WORKING DATA:
****************

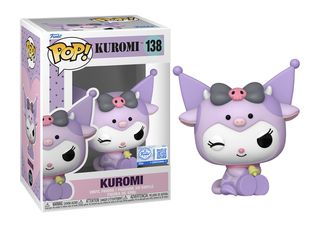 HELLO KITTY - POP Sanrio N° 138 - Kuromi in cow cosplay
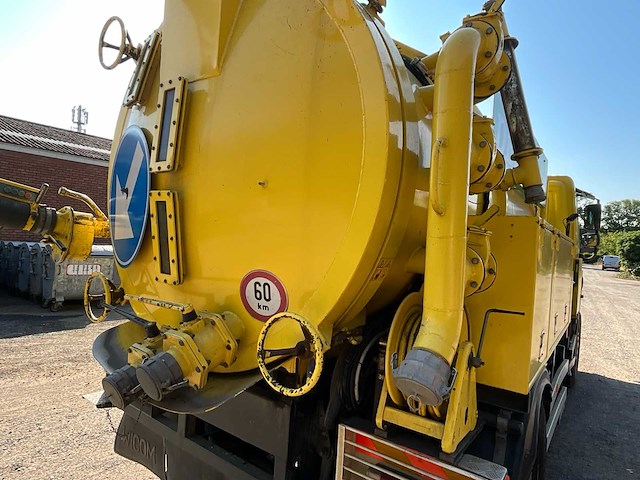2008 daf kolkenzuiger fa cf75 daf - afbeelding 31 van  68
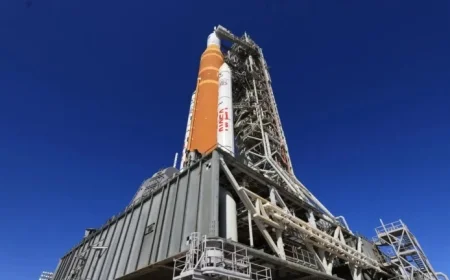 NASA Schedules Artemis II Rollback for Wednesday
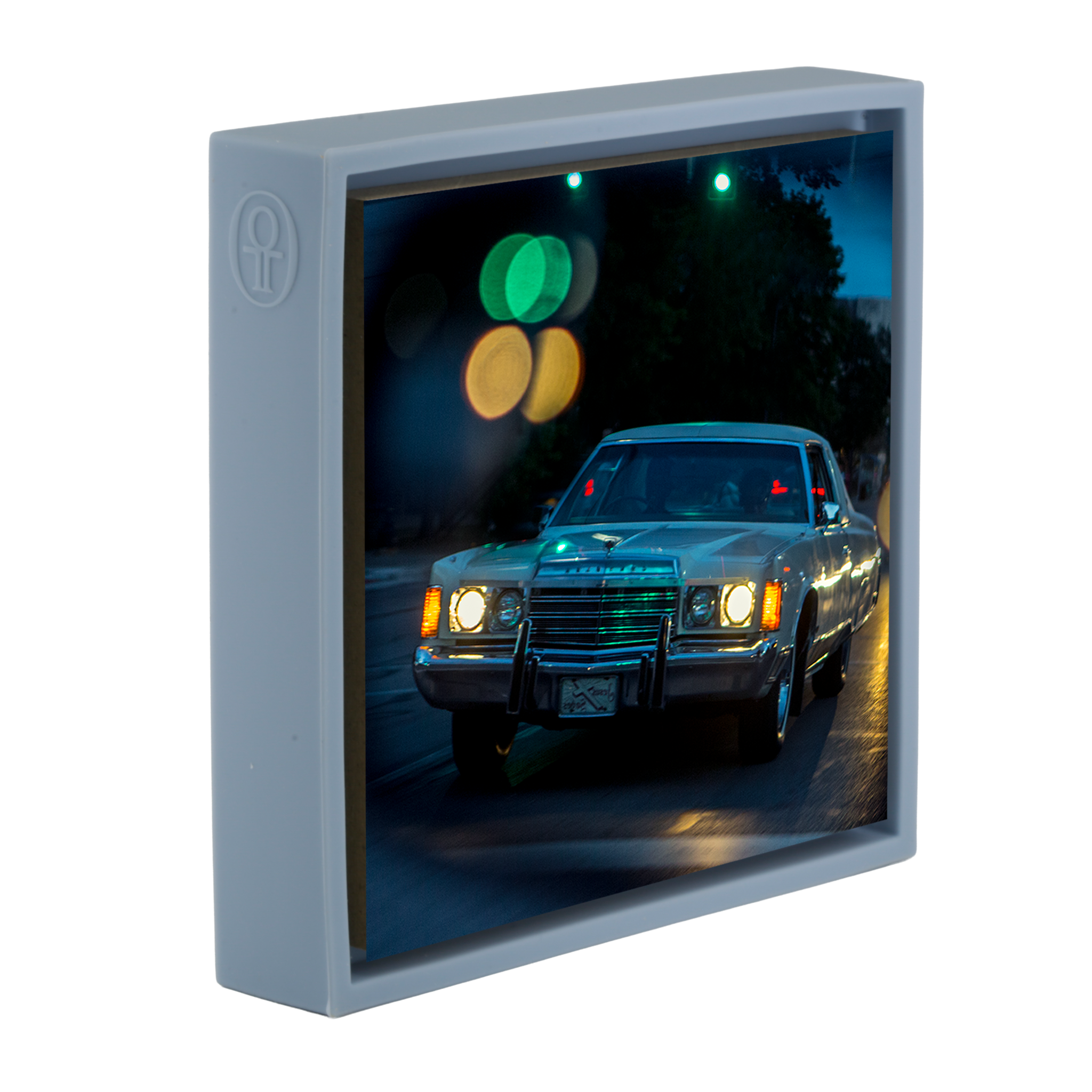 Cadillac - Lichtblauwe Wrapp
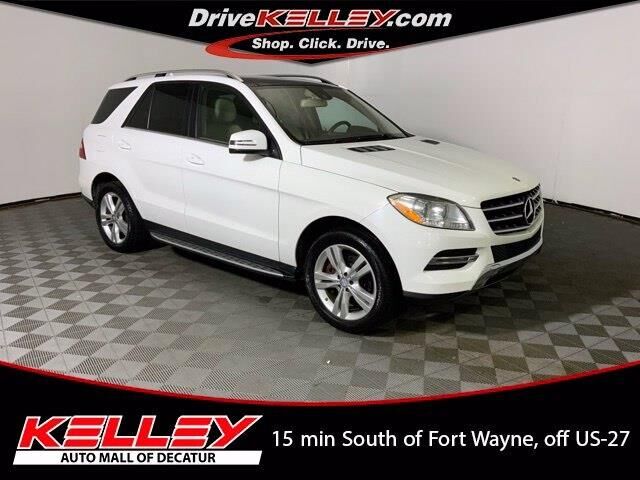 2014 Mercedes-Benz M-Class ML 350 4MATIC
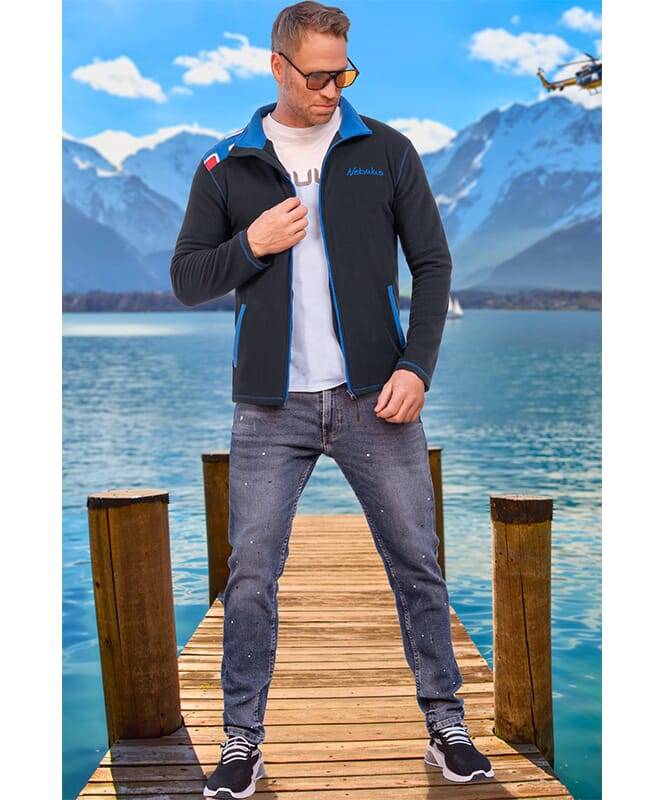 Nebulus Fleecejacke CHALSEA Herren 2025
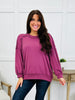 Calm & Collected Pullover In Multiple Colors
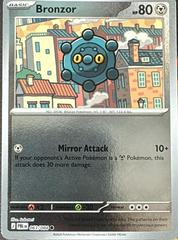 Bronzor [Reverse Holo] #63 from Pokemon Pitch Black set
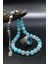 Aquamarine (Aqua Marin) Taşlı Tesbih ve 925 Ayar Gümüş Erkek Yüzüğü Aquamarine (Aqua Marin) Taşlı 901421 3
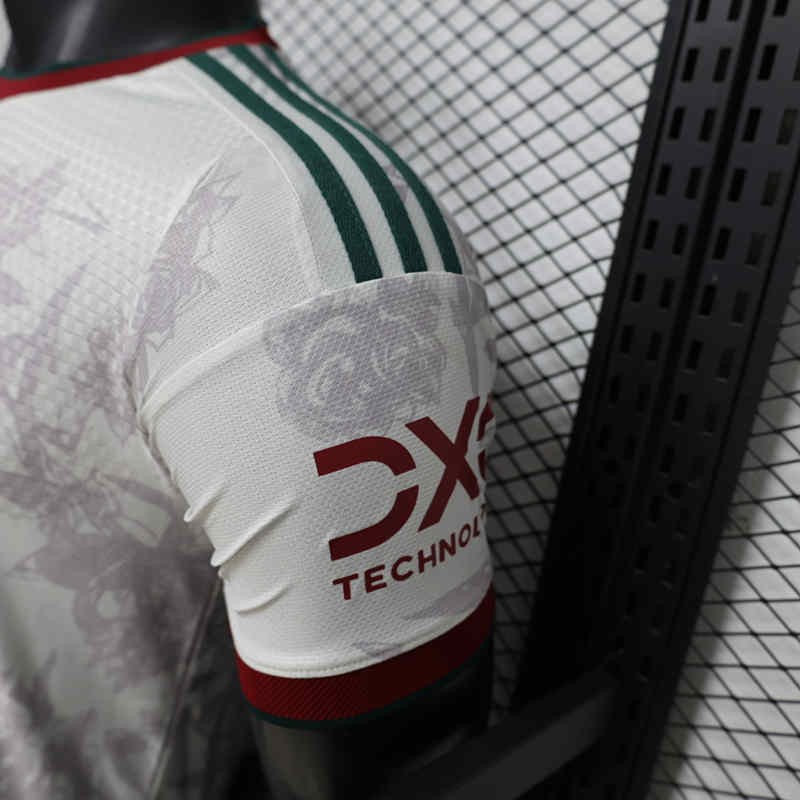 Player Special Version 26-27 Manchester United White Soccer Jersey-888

****************

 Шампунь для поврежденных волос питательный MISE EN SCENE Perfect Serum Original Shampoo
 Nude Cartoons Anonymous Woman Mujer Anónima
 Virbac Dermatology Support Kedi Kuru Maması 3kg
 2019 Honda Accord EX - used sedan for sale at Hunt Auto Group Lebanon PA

****************

ACTION ITEM: Within the listing above, find the line containing "Calm & Collected Pullover In Multiple Colors" and the line containing "Player Special Version". Transcribe them and everything between them exactly, leaving out the pictures.

EXERCISE OUTPUT:
 Calm & Collected Pullover In Multiple Colors
 Bronzor [Reverse Holo] #63 from Pokemon Pitch Black set
 Aquamarine (Aqua Marin) Taşlı Tesbih ve 925 Ayar Gümüş Erkek Yüzüğü Aquamarine (Aqua Marin) Taşlı 901421 3
 Player Special Version 26-27 Manchester United White Soccer Jersey-888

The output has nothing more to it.